1. Why Disaggregated Storage for AI¶

Traditional HPC storage model: storage is local to the compute node.

Compute Node A:    GPU + 8 × NVMe local drives
Compute Node B:    GPU + 8 × NVMe local drives
Compute Node C:    GPU + 8 × NVMe local drives

Problems:
  - Dataset must be replicated to every node (wastes capacity)
  - When a node fails, its local data is unavailable
  - Storage is idle when the node is running a different job
  - Adding more compute means buying more storage too (coupled scaling)

Disaggregated storage model:

Compute Node A:    GPU + NIC (no local NVMe)
Compute Node B:    GPU + NIC (no local NVMe)
Compute Node C:    GPU + NIC (no local NVMe)

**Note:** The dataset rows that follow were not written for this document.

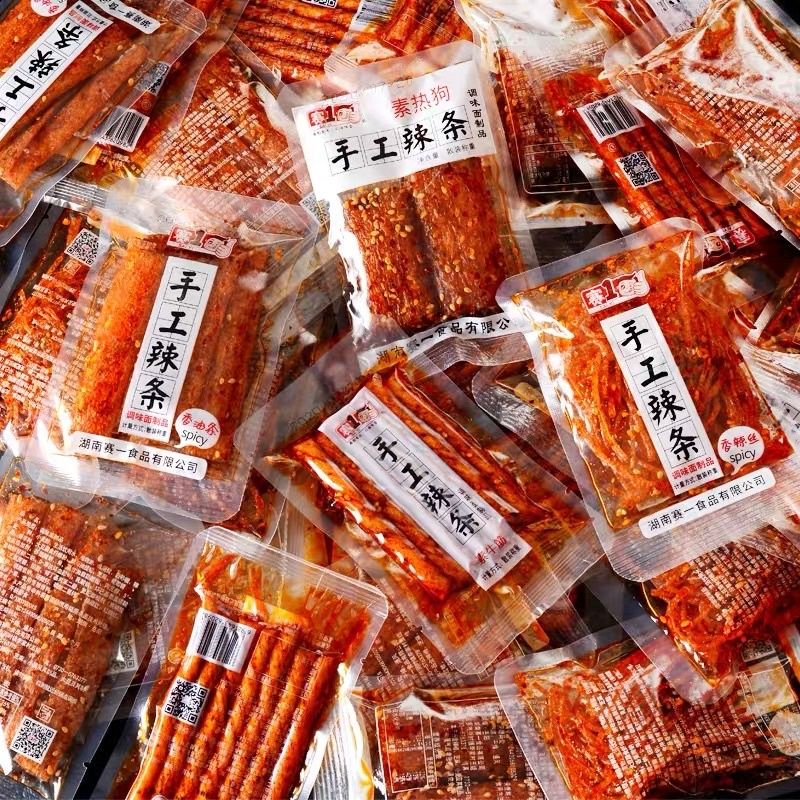 

SNACK KOREA Spicy Latiao Childhood Snack Instan Korea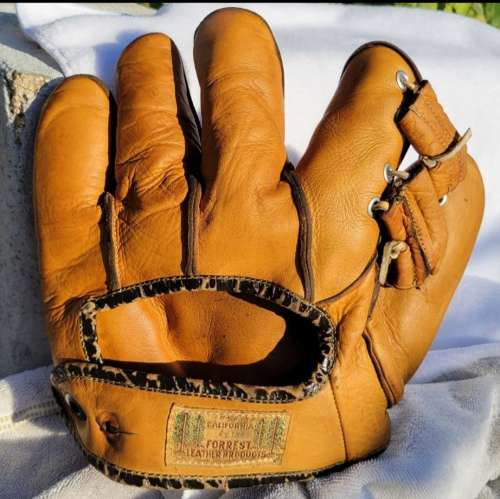 Forrest Leather Products 802G Back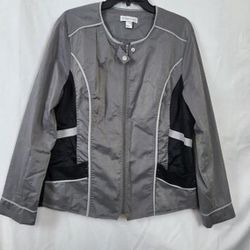 Grey and black lightweight jacket with pockets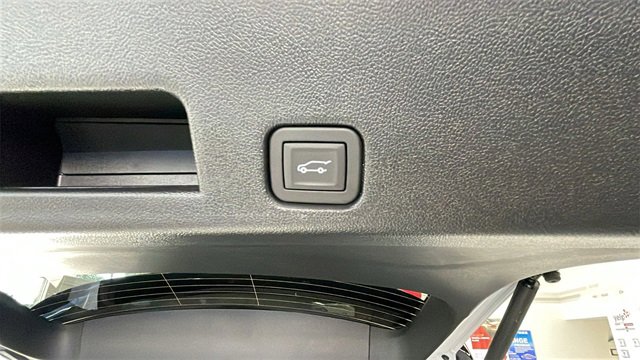 New 2026 Chevrolet Traverse LT w/ LPO, Floor Liner Package image 25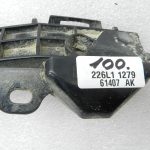 „Toyota Yaris“ oriģinālais aizmugurējais bampera stiprinājums vadītāja pusē 52575K0020
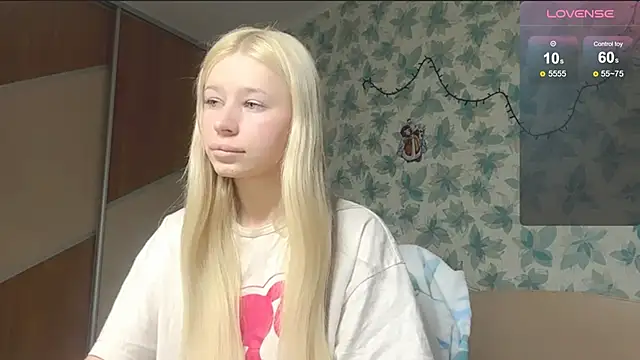 Barbie Blondie online show from 03/17/26, 03:48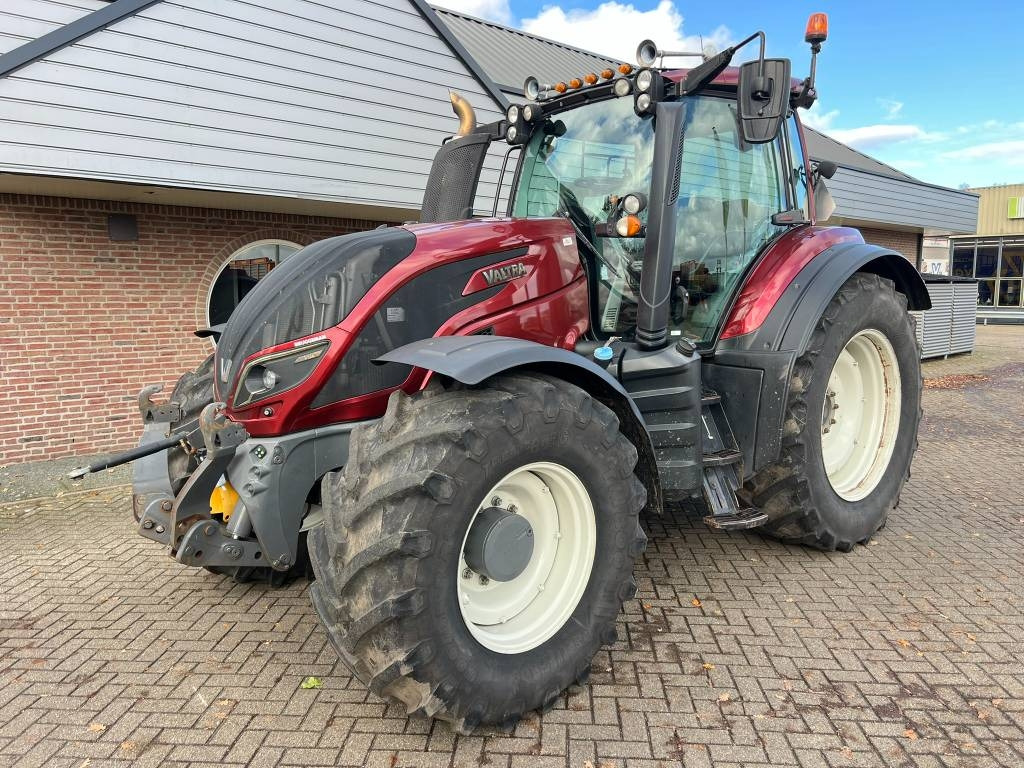 Valtra T 174 Versu  - Farm tractor: picture 1 Valtra T 174 Versu  - Farm tractor: picture 1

Storage Server:    OpenFlex Data24 × N (NVMe pool, shared)
Network:           RoCEv2, 200 Gb/s (NVIDIA SN3700)

Benefits:
  + Dataset stored once, accessed by any compute node
  + Storage fails independently from compute (no coupled failure)
  + Add more storage without adding compute (and vice versa)
  + Storage utilization: 90%+ (shared pool vs 40% with local)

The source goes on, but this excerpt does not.